2013-07-10T00:00:00Z Old Gas & Seatbelts Steering You Right with Sharon Peters By Sharon L. Peters CTW Features nwitimes.com

Q: I need to know how to dispose of old gasoline, please. My late husband always kept a five-gallon container of gas for emergencies and now I’ve discovered an almost-full container that must be at least eight years old. I won’t put it in my car because it’s so old, but I need to get rid of it to put the house on the market.

A: Call your county or city hazardous waste collection facility and ask if they’re set up to take it. Most are. Mine is. And I called six others around the country and they all say they accept it as well.

Q: We just returned from visiting relatives in rural Missouri and we were once again shocked, as we are every time we go there, by the lack of seatbelt use. Teenagers, grandpas, parents – a pretty big percentage we encountered (in our family or among their friends or at gatherings) didn’t wear seatbelts. Which led us to wonder if there is as marked a difference between the seatbelt habits of city dwellers and country folks as we think.

A: Your observation is confirmed by the feds. Although plenty of country folk wear seatbelts, The National Highway Traffic Safety Administration says the three groups least likely to wear seatbelts are young males, pickup truck drivers and people who live in rural areas.

Q: At a car show we walked past, but did not stop to learn about, a display of CNG vehicles, which I assume are “green.” What are they?

A: CNG vehicles are Compressed Natural Gas vehicles, and I’m guessing the display you saw was sponsored by the Natural Gas Alliance, which is doing a lot of outreach and information sharing.

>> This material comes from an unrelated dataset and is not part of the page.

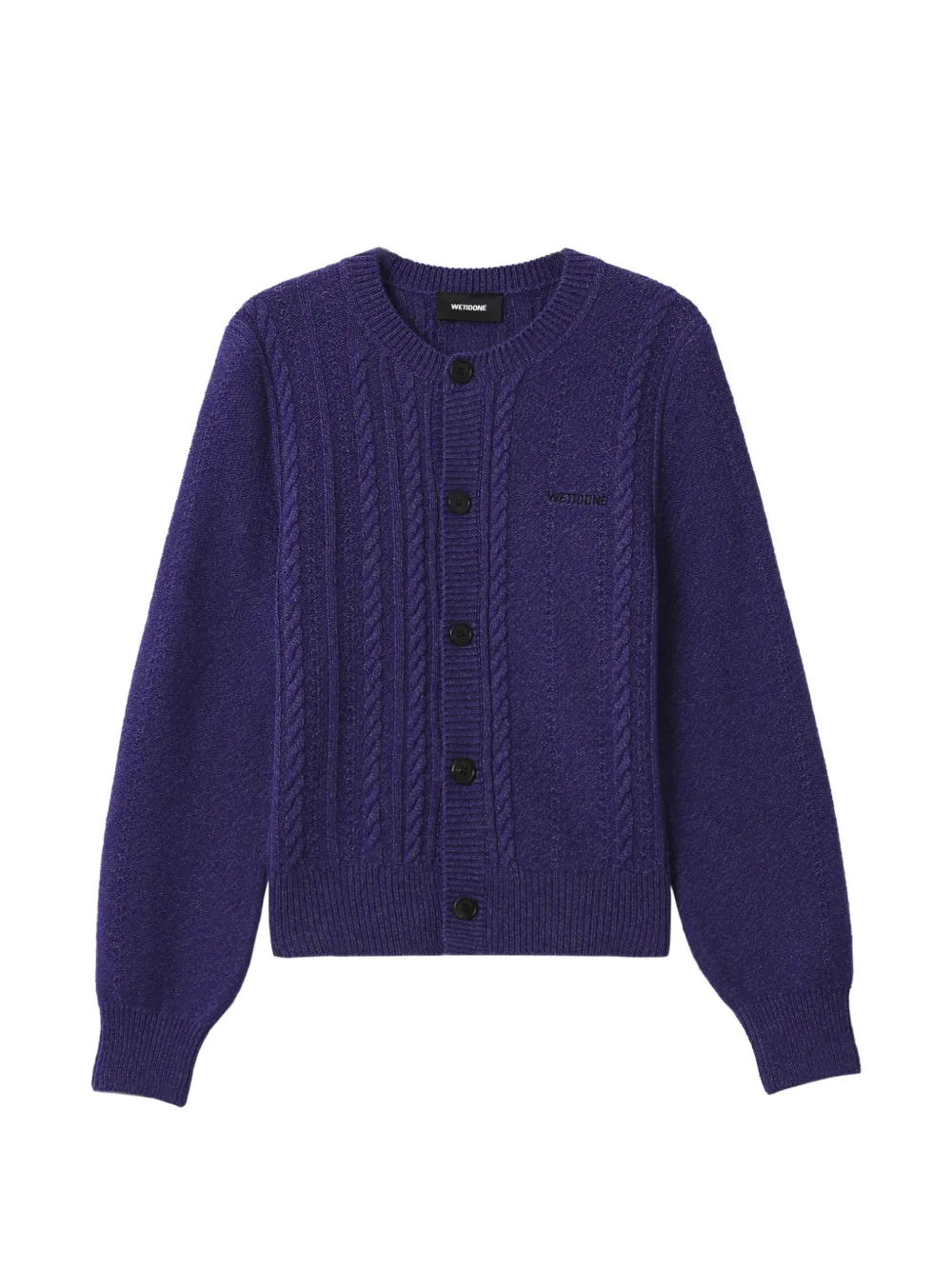 We11done cable-knit cardigan - Violet We11done cable-knit cardigan - Violet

Commercial fleets (think city buses, for example, and garbage trucks) have been using this fuel for quite some time. But passenger cars are extremely limited. That may change in the not-too-distant future, as natural gas is cleaner and cheaper than gasoline, and officials from about half the states across the nation have united to press car manufacturers to develop affordable vehicles powered by natural gas. Time will tell if some of the obstacles – too-few fueling sites and higher sticker price among them – will be overcome by more attention.